Enterprises typically rely on large databases of privacy-sensitive confidential information (financial, consumer, employee, etc.) for their key operational processes. Outside the production environment, similar databases are also needed for a number of other purposes such as software application development, testing, training, demonstrations, data mining and research. While production environments are usually highly protected with extensive security measures (firewalls, passwords, encryption, etc.), non-production environments are often times less secure. Accordingly, they are extremely vulnerable to potential data theft and/or unnecessary confidential data disclosure, especially in cases where companies simply use a copy of the original database without any security or privacy protection.
As such, data masking has been developed to provide desensitized (i.e. “masked”) data for use in non-production environments, so that activities such as software development and testing, employee training, demonstrations, data mining, research, trapping potential data thieves using masked data as a “honey-pot”, etc. can be performed without the risk of exposing privacy-sensitive information. However, as is highlighted below, certain data masking solutions are associated with various significant limitations.
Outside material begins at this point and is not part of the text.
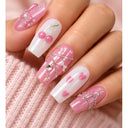 Pink cherry rhinestone square press-on nails worn on hand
For example, one data masking approach consists of using data generators to generate scrambled characters, such as replacing the name ‘David Smith’ with the sequence ‘kajgt 48hgaso’. This replacement sequence is certainly desensitized, but does not have the same properties as the original name (e.g. it may not have the same character set, capitalized first letter, different length, hyphenated names, etc.).
Another example data masking approach involves the use of finite sets (i.e. pre-determined lists of values that will be used in place of the confidential data). This approach provides more realistic results than the scrambled character generation approach discussed above, but is certainly more limited in terms of the validity and completeness of the resultant masked database. This approach is also limited in terms of localization (e.g. the customer might have a Spanish name but the finite set only contains English names).
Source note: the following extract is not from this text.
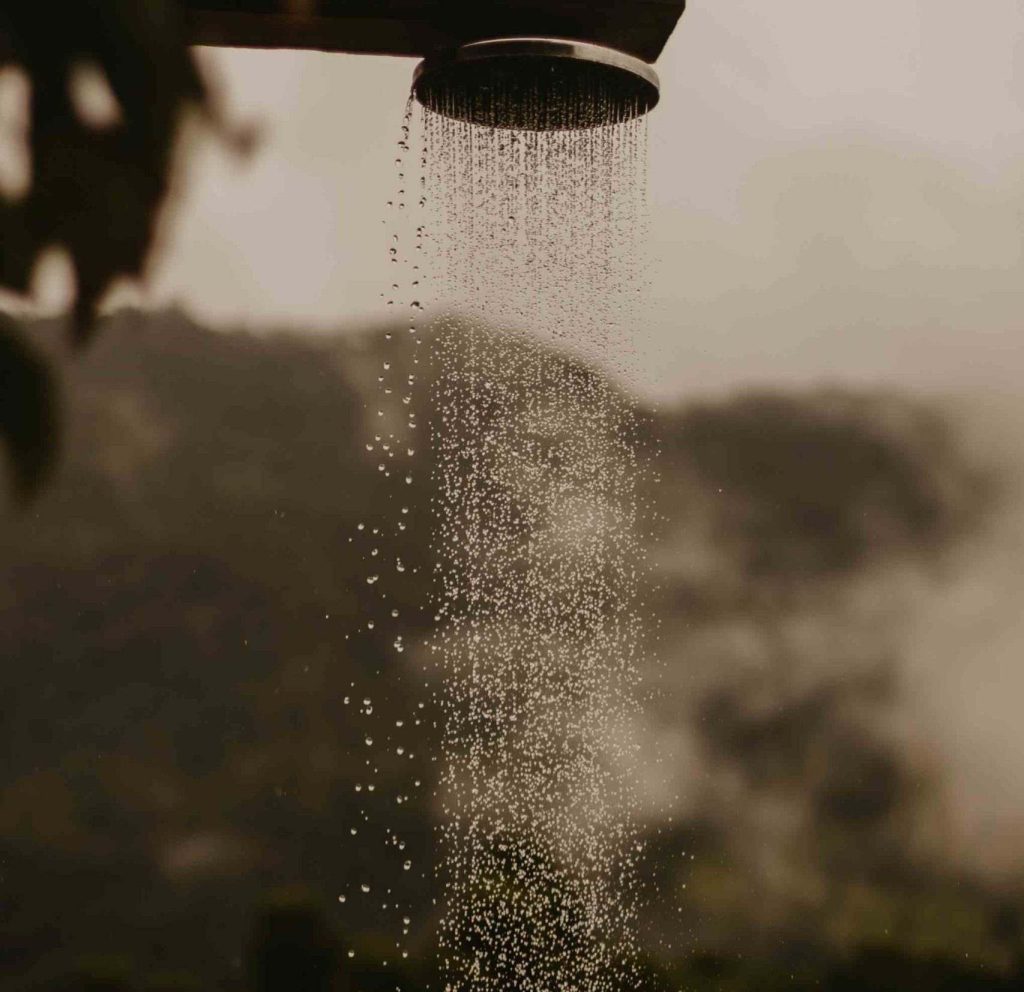 Getto d'acqua di una doccia fra le piante con un magnifico panorama di campagna sullo sfondo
Another example data masking approach is utilized when enterprises attempt to mask data themselves (other than generating or using test sets, as discussed above) whereby they follow a very labor-intensive process of identifying all relevant fields in the original database and manually assigning new values or basic transformations to them. However, this approach comes with extremely high costs to produce and maintain the resultant database.
Accordingly, there is a need to better protect confidential and other privacy-sensitive information as it is stored and used within the enterprise for such non-production purposes as application development, testing, training, demonstrations, research and data mining, while maintaining the structure and form of the protected information.